---- MATERIAL PROVIDED
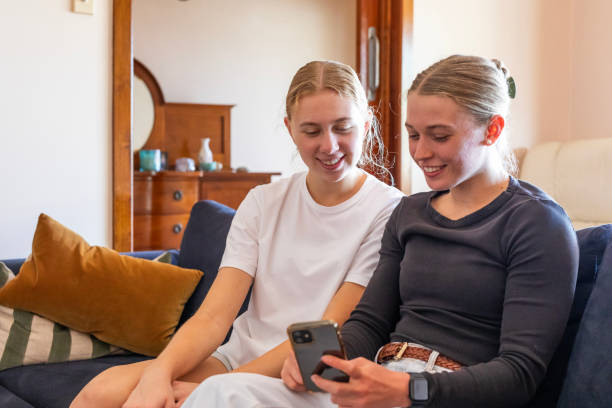 istock Happy young women using phone at home 1785219246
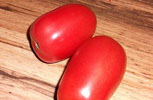 two raw oval shaped roma tomatoes on a board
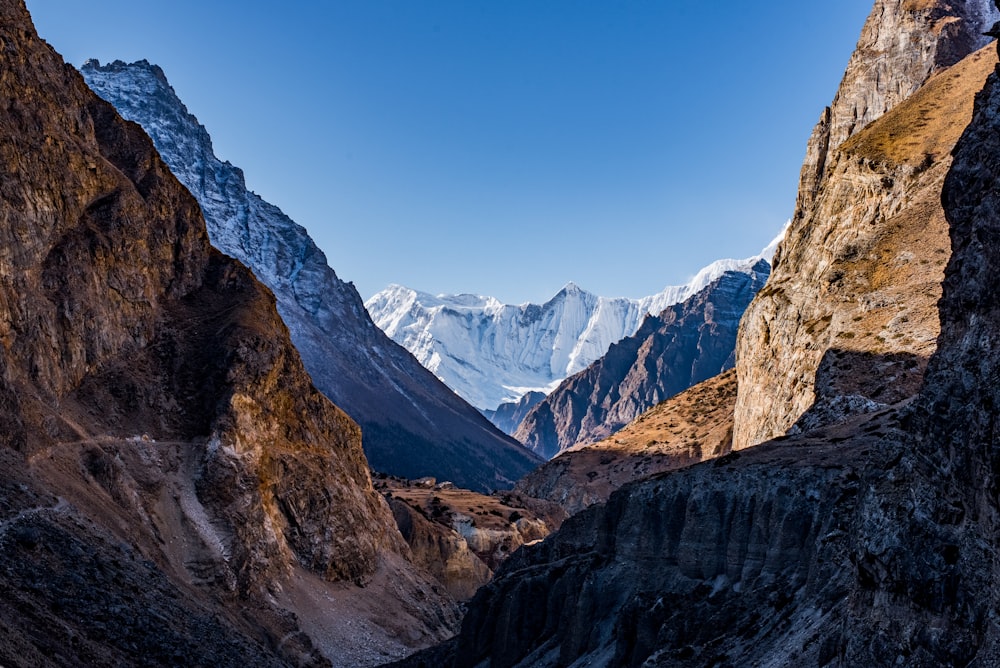 a view of a mountain range from a canyon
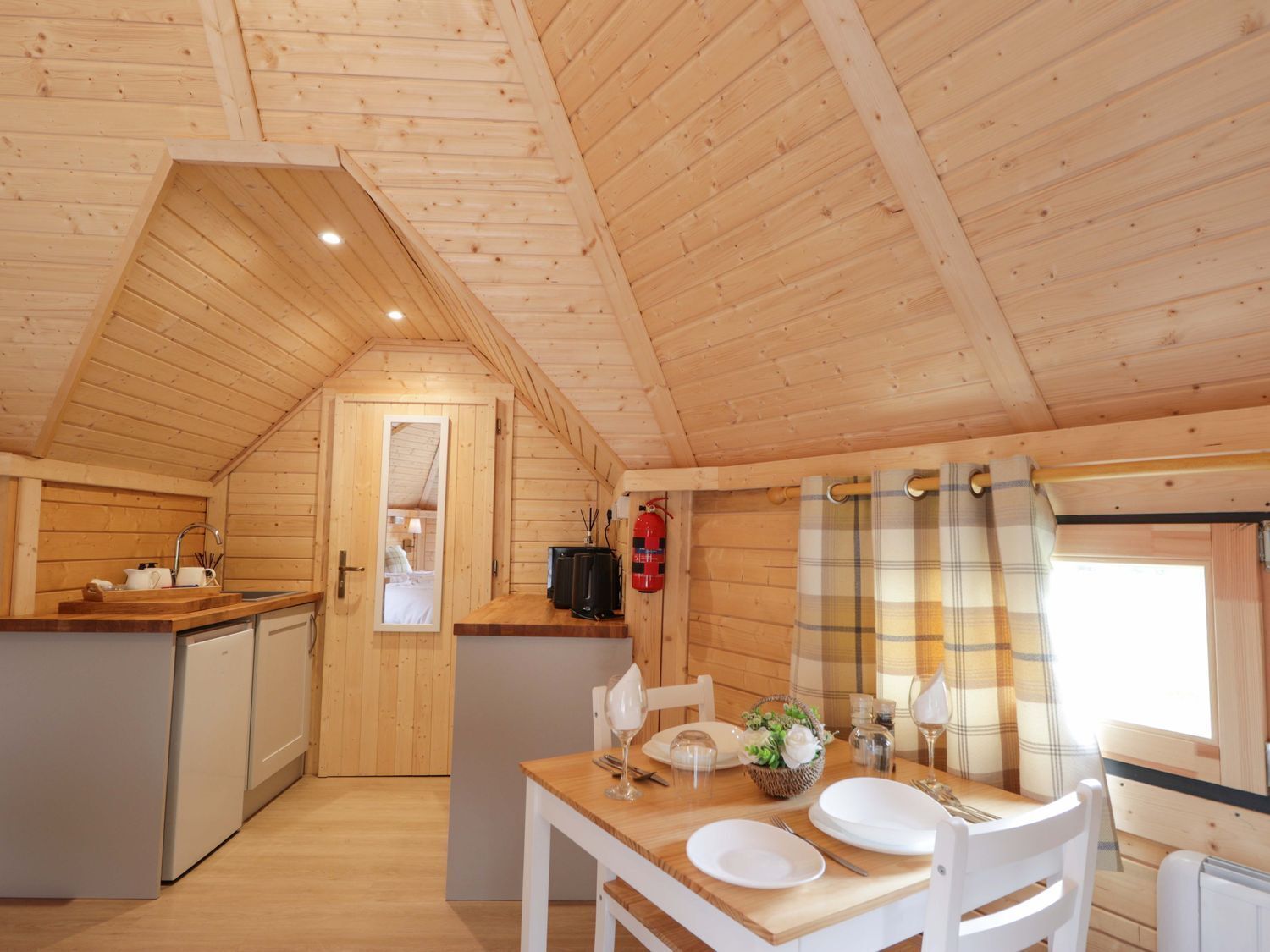 A wooden interior with a dining area, kitchenette, and a visible bedroom door.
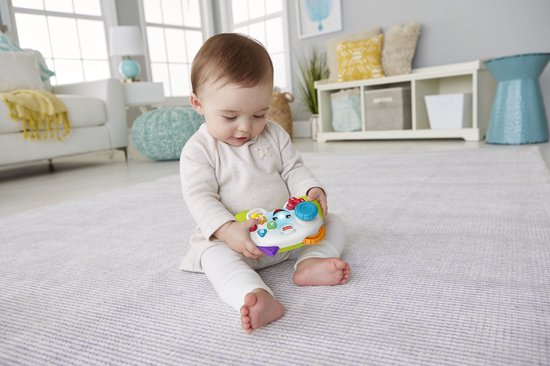 Baby met krullen zit op vloerkleed met Fisher-Price spelcontroller in handen. Speelgoed is groen, wit en heeft gekleurde knoppen.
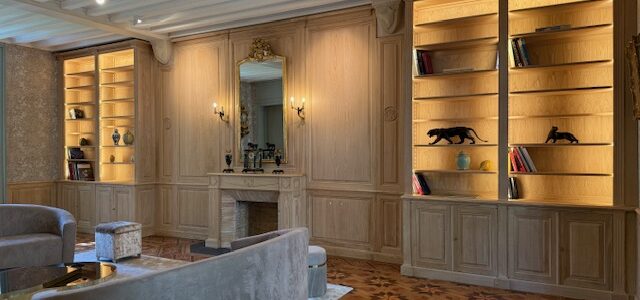 Exceptionnelle paire de bibliothèques avec boiseries, cheminée et sous bassement en châtaignier brut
--------
* _ASSIGNED TASK_:
Quote, without alteration, the lines running from the line containing "A wooden interior" to the last line of the entries, and include no pictures.

* _TASK OUTPUT_:
 A wooden interior with a dining area, kitchenette, and a visible bedroom door.
 Baby met krullen zit op vloerkleed met Fisher-Price spelcontroller in handen. Speelgoed is groen, wit en heeft gekleurde knoppen.
 Exceptionnelle paire de bibliothèques avec boiseries, cheminée et sous bassement en châtaignier brut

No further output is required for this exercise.